Secured vs unsecured loans: Making the right choice

7 min Read Published: 03 Jan 2024

What is the difference between a secured and unsecured loanLoans are categorised as being either secured or unsecured. A secured loan involves borrowing against something that you own, while an unsecured loan does not. Selecting the right option for you will be key to making sure you are borrowing in the best way possible. Some people will be more suited to the lower rates of a secured loan, while others will want to take advantage of the wider availability of unsecured loans. In this article, we explain the difference between these two options, outline the advantages and disadvantages of each and talk you through the respective application processes.

What is a secured loan and how does it work?

A secured loan is a loan backed by an asset, which is normally your home, but could also be another valuable item such as a car or piece of jewellery. It means that, if you fail to make the repayments on the loan, the lender has the right to repossess the item that has been put up for collateral. The loan is secured against the item you put up as security, because it protects the lender's interests by providing an asset that can be sold in the case of nonpayment. As the loan a safer bet for the lender, which normally means the terms are better, but a riskier option for borrowers.

You can read more about secured loans in our article 'What is a secured loan?'.

Secured loans are also known as second-charge mortgages or home equity or homeowner loans. You can choose to get a further advance from your current mortgage lender, which will typically be at a different rate from your first-charge mortgage. Alternatively, you may opt to get the secured loan from another lender, if you can get it for a better rate. Another option is to remortgage and release some of the equity in your property to create a single, bigger loan. Borrowing against your home is a big step, but you can find more information in our article 'Is it better to remortgage or get a loan?'.

Go to our 'The best secured loans & the rates in the UK' page to compare secured loans.

What is an unsecured loan and how does it work?

As the name suggests, an unsecured loan doesn't require any security in the form of collateral.
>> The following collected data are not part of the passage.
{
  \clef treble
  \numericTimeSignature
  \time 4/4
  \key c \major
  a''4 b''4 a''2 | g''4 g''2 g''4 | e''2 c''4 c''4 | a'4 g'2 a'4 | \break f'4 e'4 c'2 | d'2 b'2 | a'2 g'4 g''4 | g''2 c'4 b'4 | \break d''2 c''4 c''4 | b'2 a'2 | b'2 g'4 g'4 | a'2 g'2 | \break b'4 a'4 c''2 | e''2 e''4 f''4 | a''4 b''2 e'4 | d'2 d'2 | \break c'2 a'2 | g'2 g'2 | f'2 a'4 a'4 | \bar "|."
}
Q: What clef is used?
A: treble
The borrower simply agrees to pay back the money owed and faces extra charges and penalties that can accrue if payments are late or missed. We have more information on unsecured loans in our article 'What is an unsecured loan?'.

The other risk with this type of borrowing is that missed payments will appear on your credit record and could damage your credit rating. If you persistently fail to repay, the debt is likely to be passed on to a debt recovery agency and you could be taken to court. The best way to avoid this worst-case-scenario is to deal with debt struggles early on. Your first steps if you cannot meet your loan repayments should be to contact your lender and access free debt advice. You can read our article on ‘Where to get free debt advice’ to find out more.
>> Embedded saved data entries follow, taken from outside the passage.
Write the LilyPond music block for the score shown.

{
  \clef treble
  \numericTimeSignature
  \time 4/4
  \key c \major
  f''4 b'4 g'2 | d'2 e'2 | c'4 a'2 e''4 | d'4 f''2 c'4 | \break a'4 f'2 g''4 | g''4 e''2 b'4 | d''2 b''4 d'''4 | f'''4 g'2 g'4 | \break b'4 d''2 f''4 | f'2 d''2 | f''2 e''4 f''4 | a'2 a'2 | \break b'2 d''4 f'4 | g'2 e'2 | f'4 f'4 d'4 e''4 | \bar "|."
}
An unsecured loan is typically more expensive than its secured counterpart as the lender has less of a guarantee of getting the money back. In addition, there isn't usually the scope to borrow as much money as with a secured loan. However, as a borrower, there is arguably less at stake, the application process is quicker and there is more flexibility in terms of how long you have to repay the loan.

You can compare the UK's top unsecured loans on our 'The best personal loans' page.
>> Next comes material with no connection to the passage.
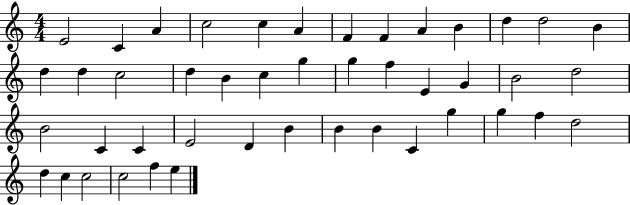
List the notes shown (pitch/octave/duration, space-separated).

E4/h C4/q A4/q C5/h C5/q A4/q F4/q F4/q A4/q B4/q D5/q D5/h B4/q D5/q D5/q C5/h D5/q B4/q C5/q G5/q G5/q F5/q E4/q G4/q B4/h D5/h B4/h C4/q C4/q E4/h D4/q B4/q B4/q B4/q C4/q G5/q G5/q F5/q D5/h D5/q C5/q C5/h C5/h F5/q E5/q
The differences between secured and unsecured loans

Here are the main differences between a secured and an unsecured loan:

Unsecured loan Secured loan
No security required (you don't need to be a homeowner) Security required (this usually means you will need to be a homeowner)
Your home will not be directly at risk if you default on the loan The lender could repossess your home, or anything else that was used as security, if you fail to repay the loan
Limited maximum loans High maximum loans (depending on the value of the security)
Shorter terms Long-term loans available
Usually a fixed rate of interest, which means a fixed monthly payment Variable interest rates are common, which means monthly payments can change during the loan term
A good credit score is needed to get the best rates The value of the security is usually more important than the applicant's credit score
Approval and payment can be very quick Approval can take a long time, as can receiving the money
Can often be set up fee-free Can be expensive to set up

The pros and cons of a secured loan

Here are the key advantages and disadvantages of secured loans.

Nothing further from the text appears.